If$ |G|=pq $ and $p $ doesnt divide $(q-1)$ and $p <q$ then $G$ is cyclic.

My proof stands as this .I have used the fact that

$(i)$ If $|G|=pq$ then I showed that there will only be one element of order $p$ and one element of order $q$.

My approach in proving this part has been to show that if there are two elements of order $p$ say $x_1$ and $x_2$ , then say $H_1$ is a group of order $p$ generated by $x_1$ and $H_2$ is a group of order $p$ generated by $x_2$ .We assume that the intersection is {e} if not then we can get $H_1$=$H_2$(by property of subgroup).

Proving that the elements are distinct .

We assume that the elements $(x_1)^{i}.(x_2)^j$ are not distinct then $(x_1)^{i}.(x_2)^j =(x_1)^{i'}(x_2)^{j'}$.From here we can arrive at a contradiction as $H_1 \cap H_2 =e$.So if there are $p^2$ elements then we can arrive at a contradiction as $p$ and $q$ are both primes.

Similar results will hold in the case of $q$.
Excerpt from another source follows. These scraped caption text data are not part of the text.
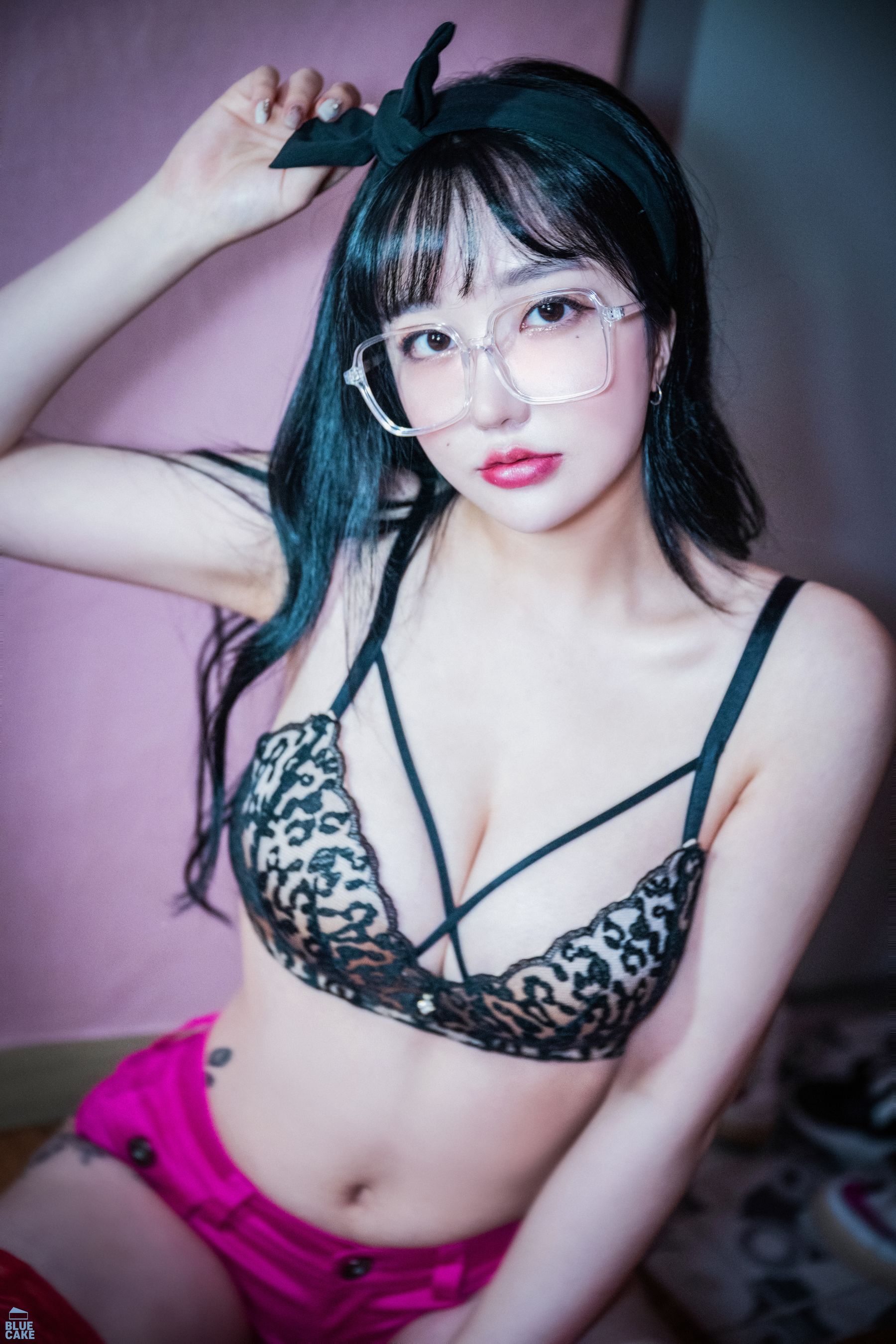 [BLUECAKE]  YeEun - Nude No Panty/(100P)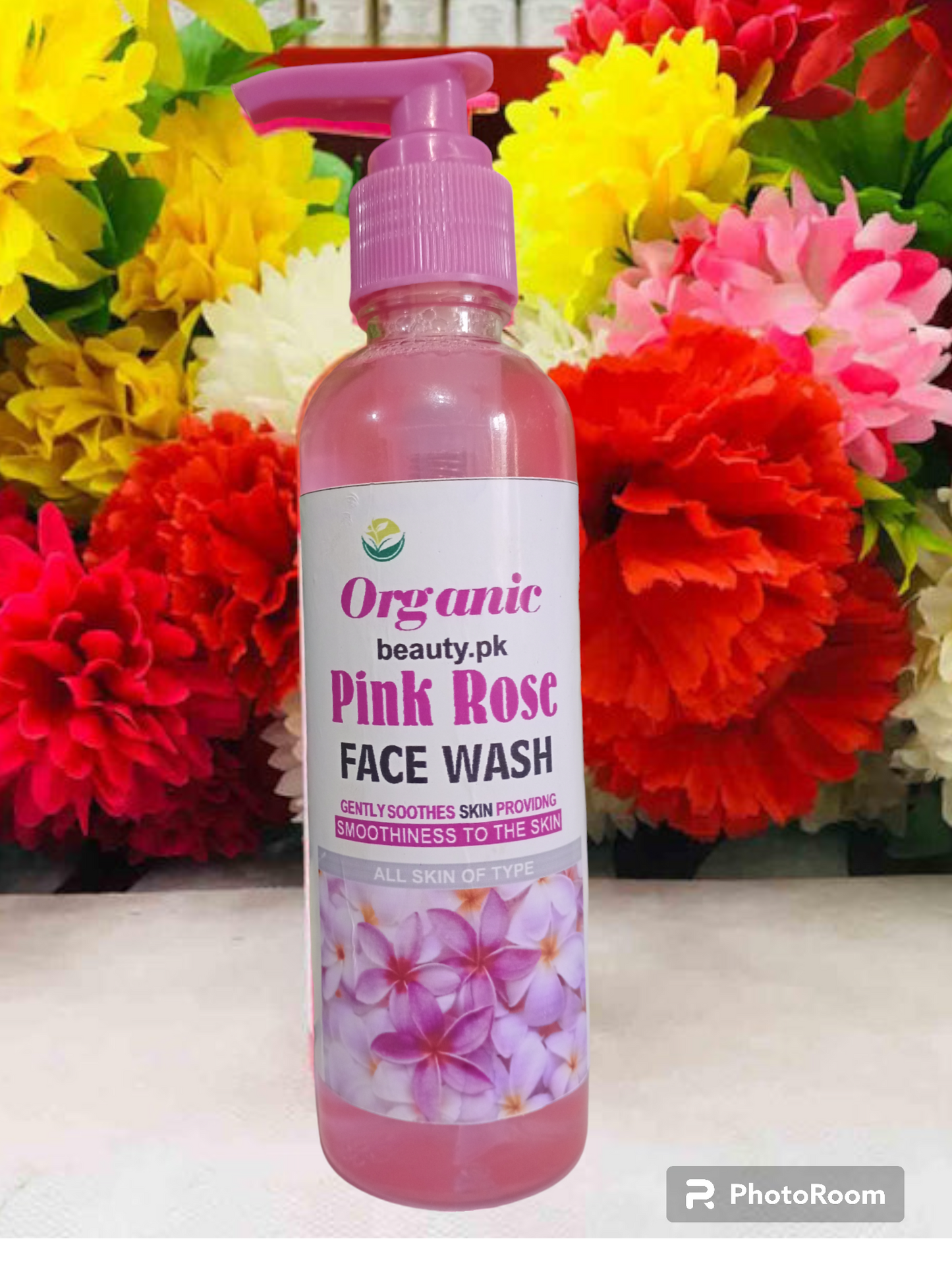 Pink Rose Face Wash🌷🌟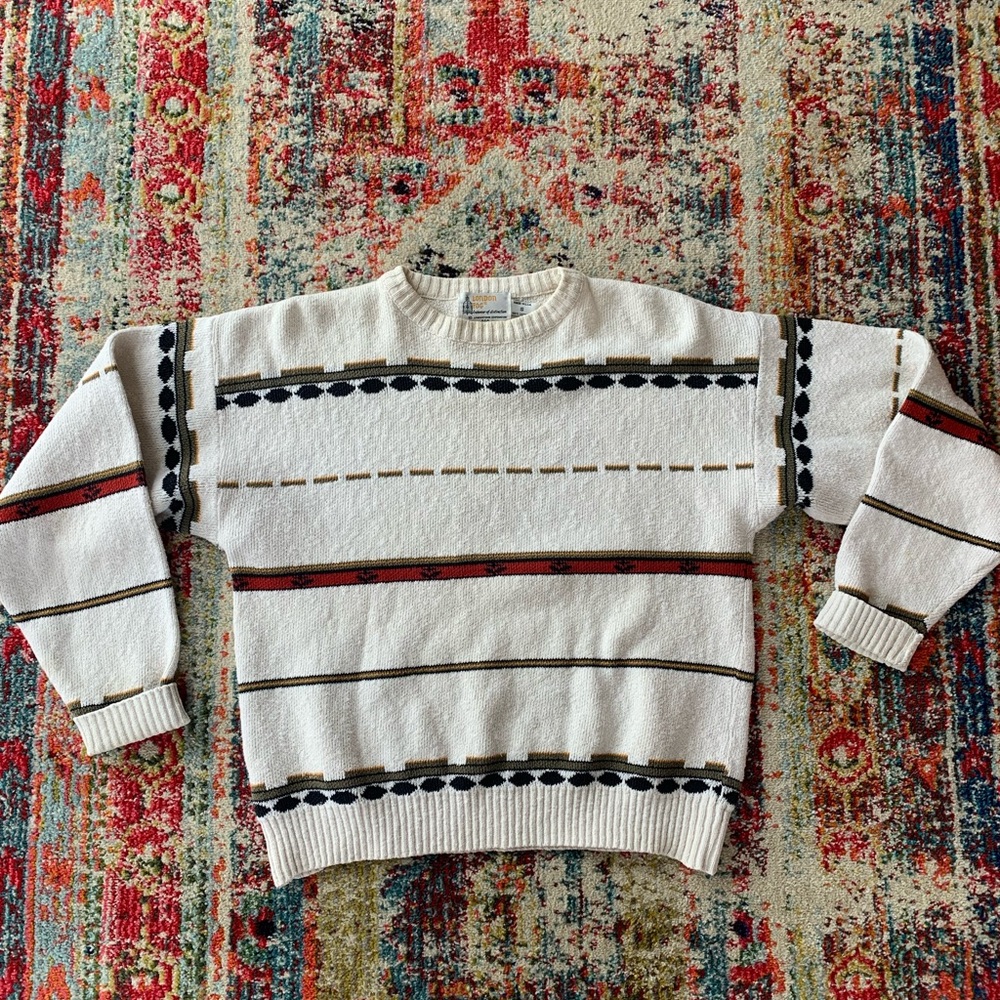 Vintage London fog sweater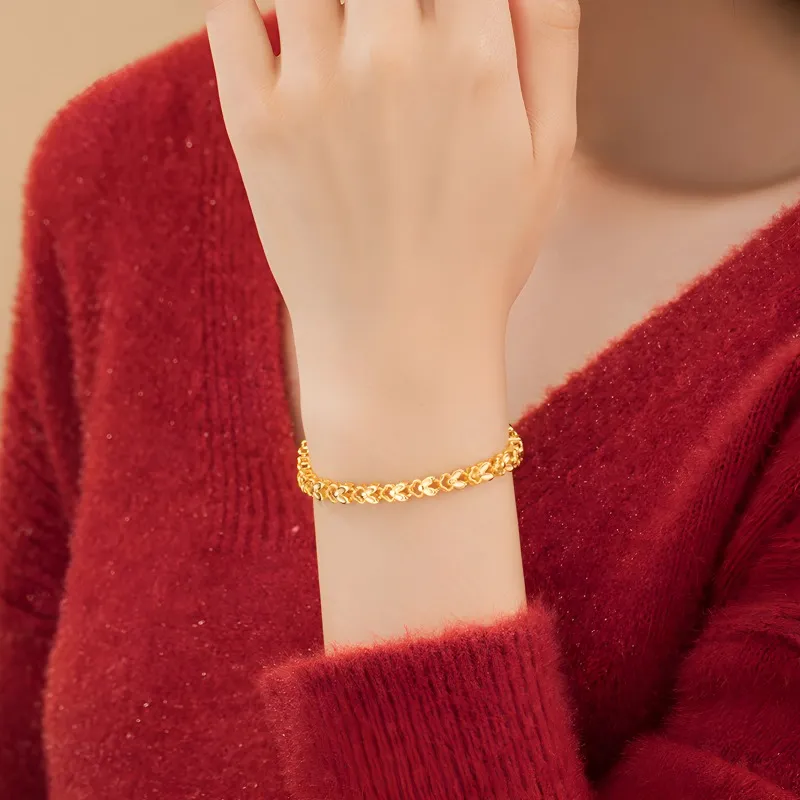 VASO 999 Fine Silver Bracelets Women's-3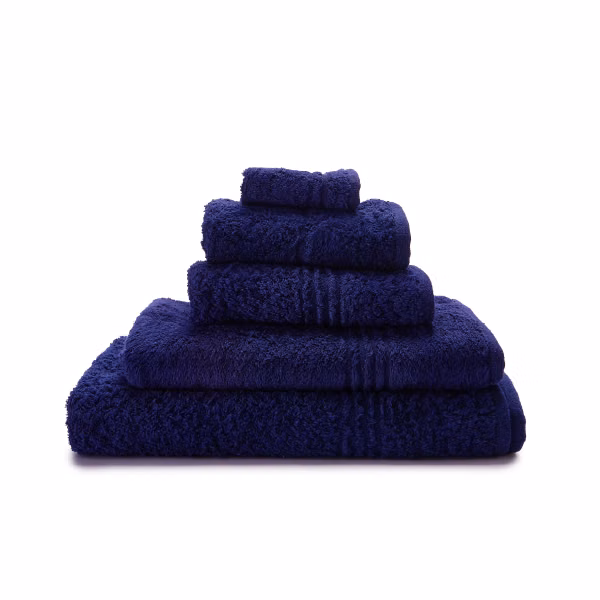 Marathon Snag Proof 485gsm 100% Cotton Pile Towel - Navy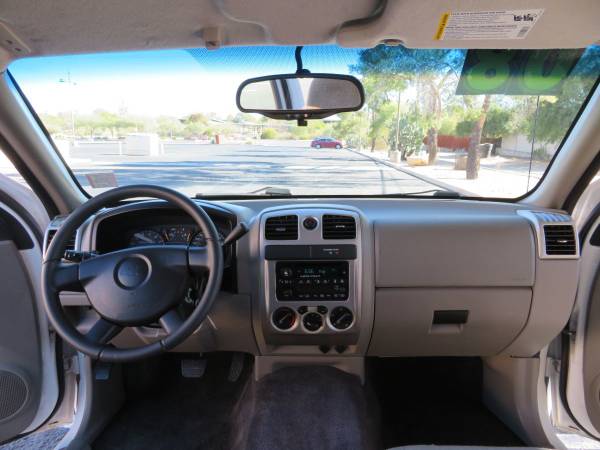 2008 Chevy Chevrolet Colorado LS pickup Summit White - cars & trucks... for sale in Tucson, AZ – photo 6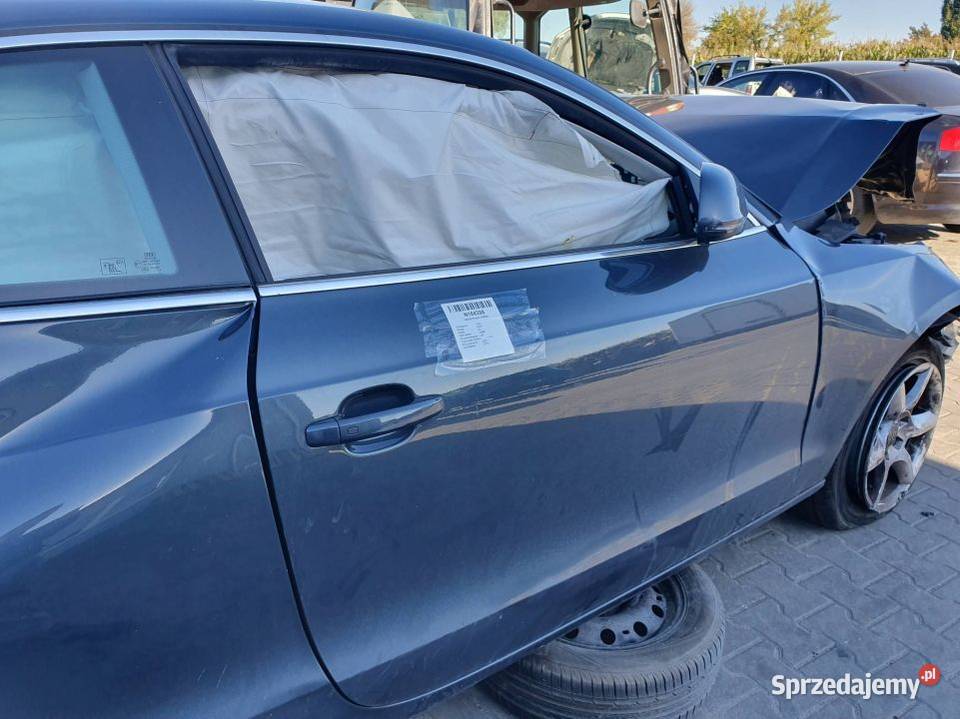 DRZWI PRAWE PRZÓD AUDI A5 LZ7H osobowe Pozostałe Lipno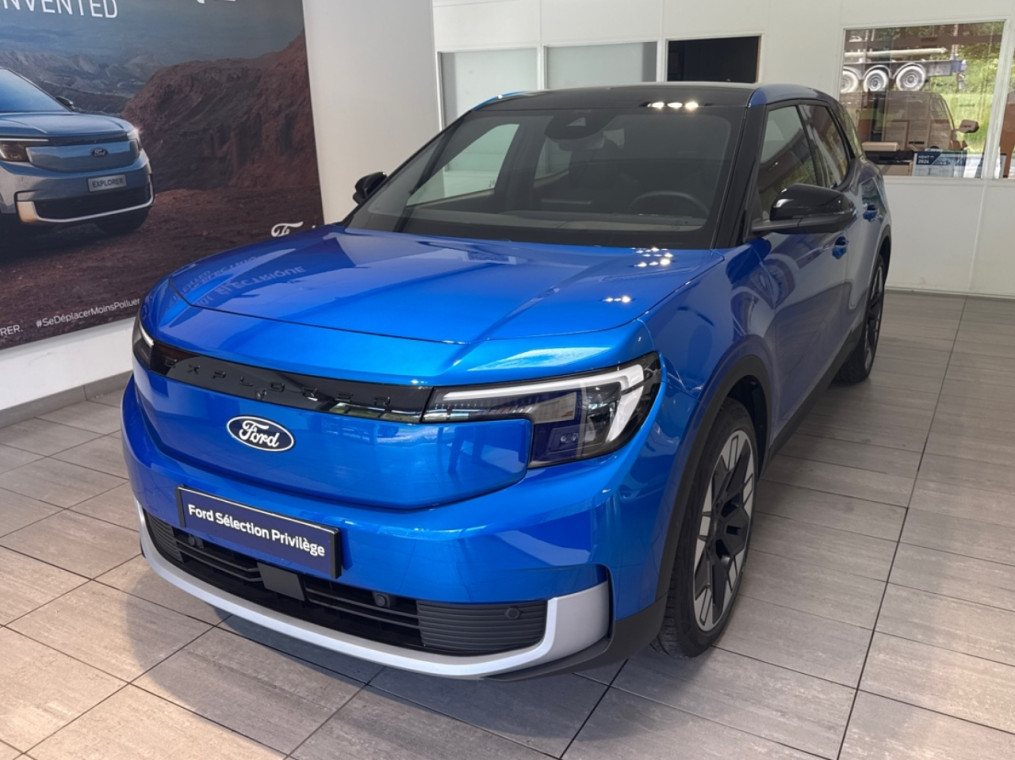 Ford Explorer 286ch Extended Range 77kWh Pack Premium RWD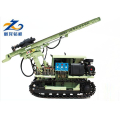 Crawler hydraulic drilling rig CTQ-D100YA2-2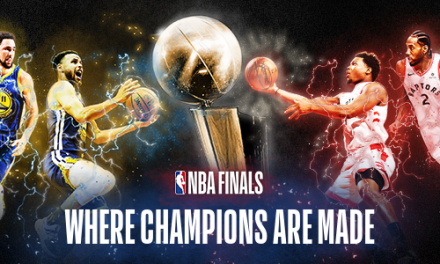 NBA FINALS 2019 GOLDEN STATE VS TORONTO AT SUGARDADDYS NYC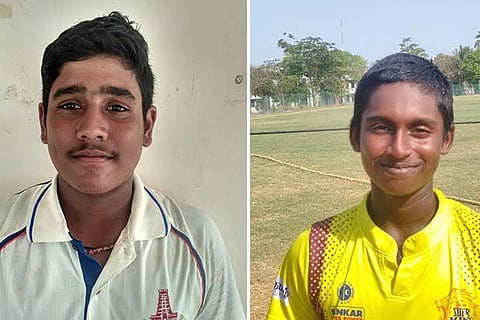 (L) Harshavardhan Sai, (R) Athish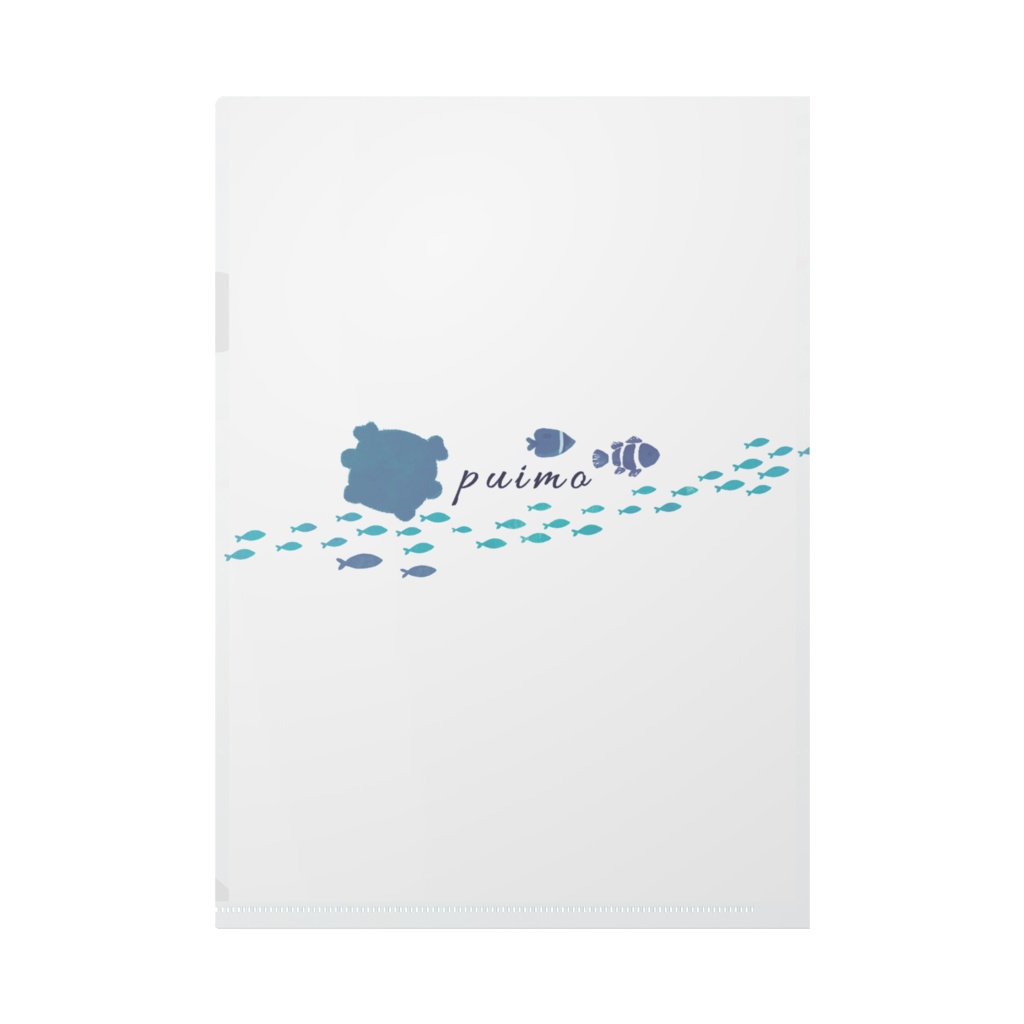 クリアファイル「Summer is in the air」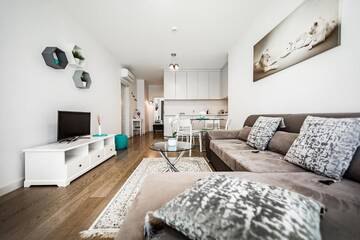 Фото номера Апартаменты с 1 спальней Апартаменты FoRest Apartments г. Друскининкай 20
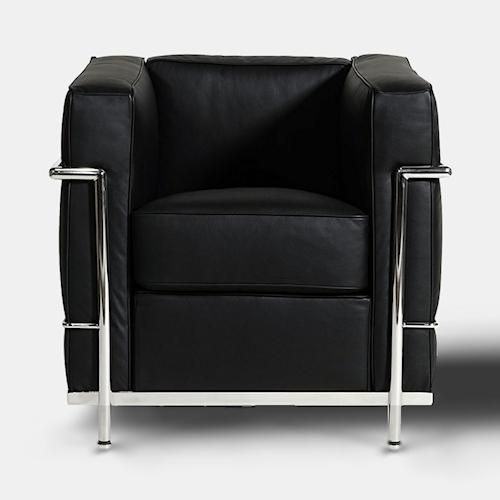 ル・コルビジェ/LC2グランコンフォート1Pソファ【タイプA基本工場製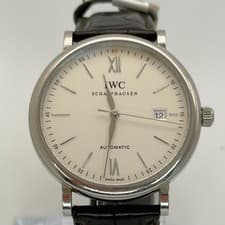 IWC Portofino Watch Automatic Mens 40mm Steel Swiss Luxury Dress Watch IW356501
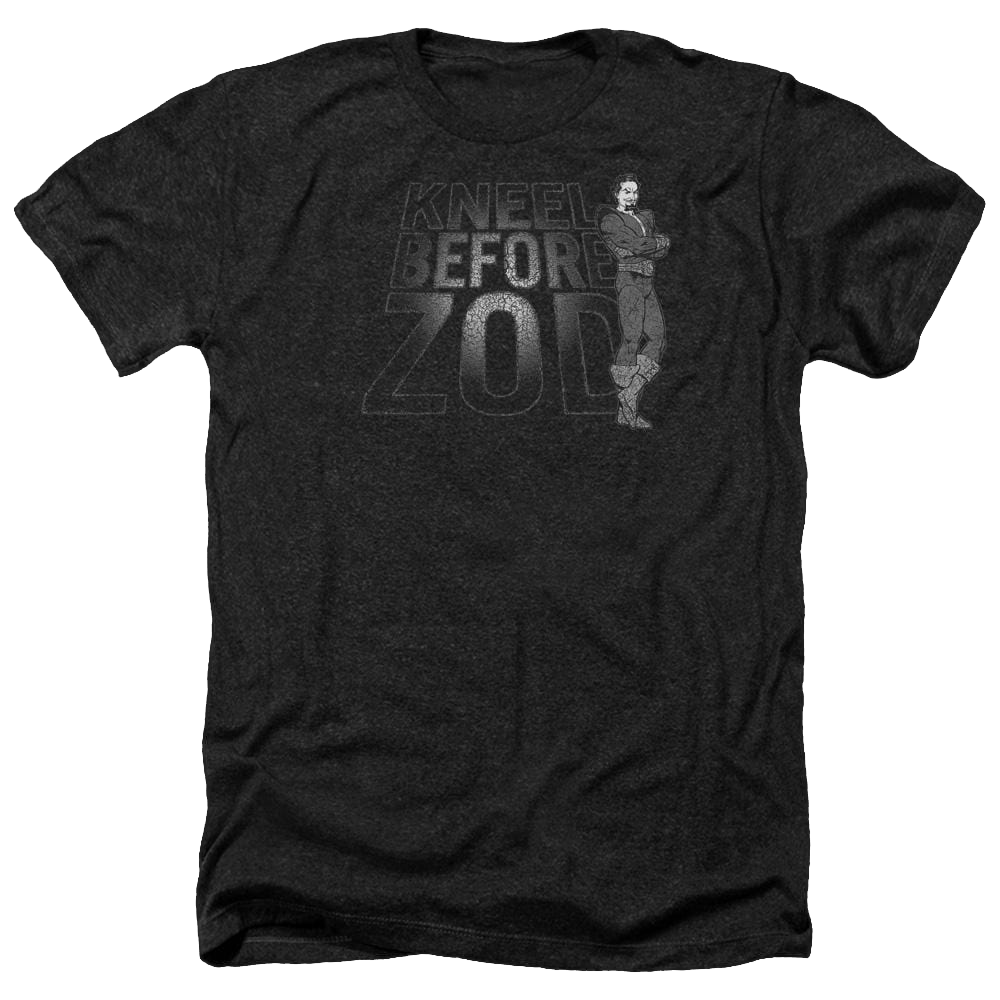 DC Comics Kneel Zod - Men's Heather T-Shirt Men's Heather T-Shirt Superman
$(ii)$ Now there is only one subgroup of order $p$ and one subgroup of order $q$ so they are both normal

$(iii)$ let $H$ and $K$ be two subgroups of order $p$ and order $q$.Then we know that $H \cap K={e}$.$H$ and $K$ are both normal .Then I showed that $x^{-1}y^{-1}xy \in H \cap K$ and $xy=yx$. So the order of the element $xy$ is $pq$.Where am I going wrong in my proof and since I have not used the fact that $p $ doesnot $q-1$.

Answer 1

As Gerry Meyerson pointed out, it does not hold in general as it is stated. You need to infer that $p \lt q$. Choose $Q$ a subgroup of $G$ of order $q$ (you can use Cauchy's Theorem for its existence!). Then $|G:Q|=p$ is the smallest prime dividing $|G|$ (ah yes here we are using $p \lt q$), hence $Q \lhd G$ (I hope you know this theorem ... see here for example).

Now $P$ acts on $Q$ by conjugation, but since $p \nmid q-1$ and Aut$(Q) \cong C_{q-1}$ (here we use that $q$ is prime), the action must be trivial: $P$ centralizes $Q$ and the other way around. Since $G=PQ$, $G$ must be abelian and the Chinese Remainder Theorem does the rest: $G \cong C_p \times C_q \cong C_{pq}$.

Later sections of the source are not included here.